EXERCISE REQUIREMENTS:
Everything from the line containing "Fleur d'hortensia. gros" through the line containing "夏、秋、冬、春、来夏も^ ^スモークツリー　三日月リース　リース" in the listing below should be copied exactly, and nothing more.

DATASET RECORDS:
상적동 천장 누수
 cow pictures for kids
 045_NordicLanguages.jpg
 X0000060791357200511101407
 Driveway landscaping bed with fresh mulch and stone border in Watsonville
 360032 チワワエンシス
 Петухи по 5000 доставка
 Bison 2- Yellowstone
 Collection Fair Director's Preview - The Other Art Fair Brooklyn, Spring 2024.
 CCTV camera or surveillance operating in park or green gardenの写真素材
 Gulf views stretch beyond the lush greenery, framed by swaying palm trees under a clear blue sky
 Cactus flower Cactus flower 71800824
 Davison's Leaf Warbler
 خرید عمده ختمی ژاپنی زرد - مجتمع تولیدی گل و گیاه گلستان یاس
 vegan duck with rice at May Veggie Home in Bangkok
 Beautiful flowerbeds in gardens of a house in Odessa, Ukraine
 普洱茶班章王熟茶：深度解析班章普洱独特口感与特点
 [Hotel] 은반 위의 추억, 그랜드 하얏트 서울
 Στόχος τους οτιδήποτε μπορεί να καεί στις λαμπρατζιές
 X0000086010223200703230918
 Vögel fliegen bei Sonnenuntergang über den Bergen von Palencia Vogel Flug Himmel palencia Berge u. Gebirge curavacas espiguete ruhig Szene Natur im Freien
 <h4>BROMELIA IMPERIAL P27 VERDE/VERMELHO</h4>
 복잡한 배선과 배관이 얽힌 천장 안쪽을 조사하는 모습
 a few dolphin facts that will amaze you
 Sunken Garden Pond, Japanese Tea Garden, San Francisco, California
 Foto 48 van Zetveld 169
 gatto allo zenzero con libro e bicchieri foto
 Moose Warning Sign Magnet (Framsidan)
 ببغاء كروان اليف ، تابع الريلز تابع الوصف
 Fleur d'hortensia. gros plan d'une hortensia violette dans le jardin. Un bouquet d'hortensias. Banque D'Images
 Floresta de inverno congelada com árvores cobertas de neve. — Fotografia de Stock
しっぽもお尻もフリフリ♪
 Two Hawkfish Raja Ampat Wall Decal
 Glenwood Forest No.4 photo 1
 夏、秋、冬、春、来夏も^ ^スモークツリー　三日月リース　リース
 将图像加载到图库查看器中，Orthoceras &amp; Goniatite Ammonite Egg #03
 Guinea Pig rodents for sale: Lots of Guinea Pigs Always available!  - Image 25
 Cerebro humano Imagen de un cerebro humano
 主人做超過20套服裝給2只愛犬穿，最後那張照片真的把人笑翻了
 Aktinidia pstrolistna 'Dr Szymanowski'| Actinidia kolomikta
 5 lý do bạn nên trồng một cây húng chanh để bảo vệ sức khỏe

WRITTEN REPLY:
 Fleur d'hortensia. gros plan d'une hortensia violette dans le jardin. Un bouquet d'hortensias. Banque D'Images
 Floresta de inverno congelada com árvores cobertas de neve. — Fotografia de Stock
しっぽもお尻もフリフリ♪
 Two Hawkfish Raja Ampat Wall Decal
 Glenwood Forest No.4 photo 1
 夏、秋、冬、春、来夏も^ ^スモークツリー　三日月リース　リース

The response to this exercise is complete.